# Stubborn 9 month old. Help!! She's making me crazy!



## Pixie (Jun 13, 2012)

I have a 11 month old pouppy and recognize a lot of her in your Bella. They look so cute and are so adorable that sometimes it is easy for us not to be stricked with them.

For waht you mention I have the feeling that she doesn't really know the house rules yet! The best way to teach her in my opinion is:

1) Never let her do a bad thing. Meaning that if she likes to dg in the trash can you simply block her access to the trash. If she eats food from the counter you never leave food in there. The more she does this things, the more she reinforces them and the more she thinks it is ok and awesome to do so. Rule number one, if you should not do it I will not give you the chance to do it. My state of mind is always, if you did it is my fault.

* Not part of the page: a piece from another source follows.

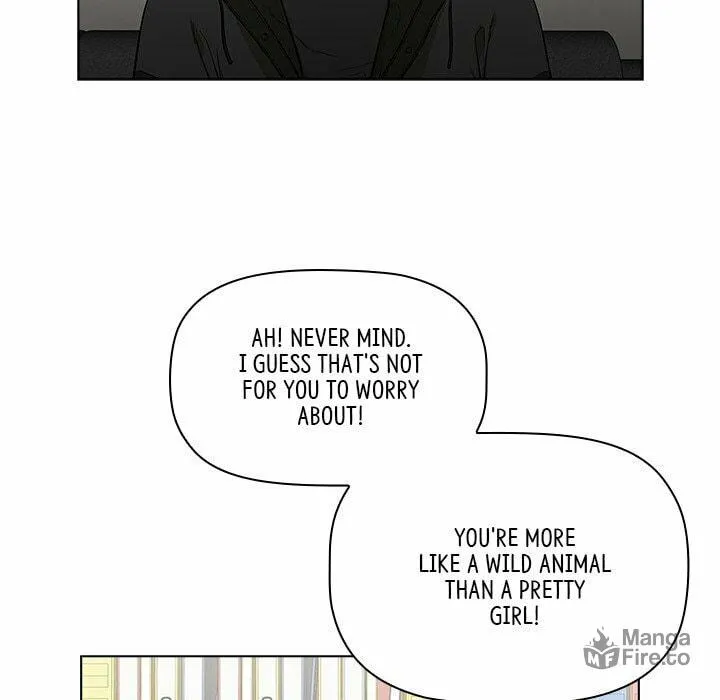 Read Malcolm, The Superstar Detective chapter 4 image 86 on Lezhin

2) Reaward all good behaviours. Teach her what she can do and make a party when she does it. I know that with a todler is even more dificult to keep the eyes on the pup, but when they are together it is a MUST! Dont let her roam free in the house to bully your kid. Teach her to be kind with him. Put her on a leash the first times and teach her not to steal food.

All of this is easier siad than done, I know and it takes time to get there. She wont learn it in a day, week or even month! I have been working with Pixie for months in some things and only now I see a bit of a light at the end of the tunnel. It is a long dark tunnel, but be consistent and you will see the light soon.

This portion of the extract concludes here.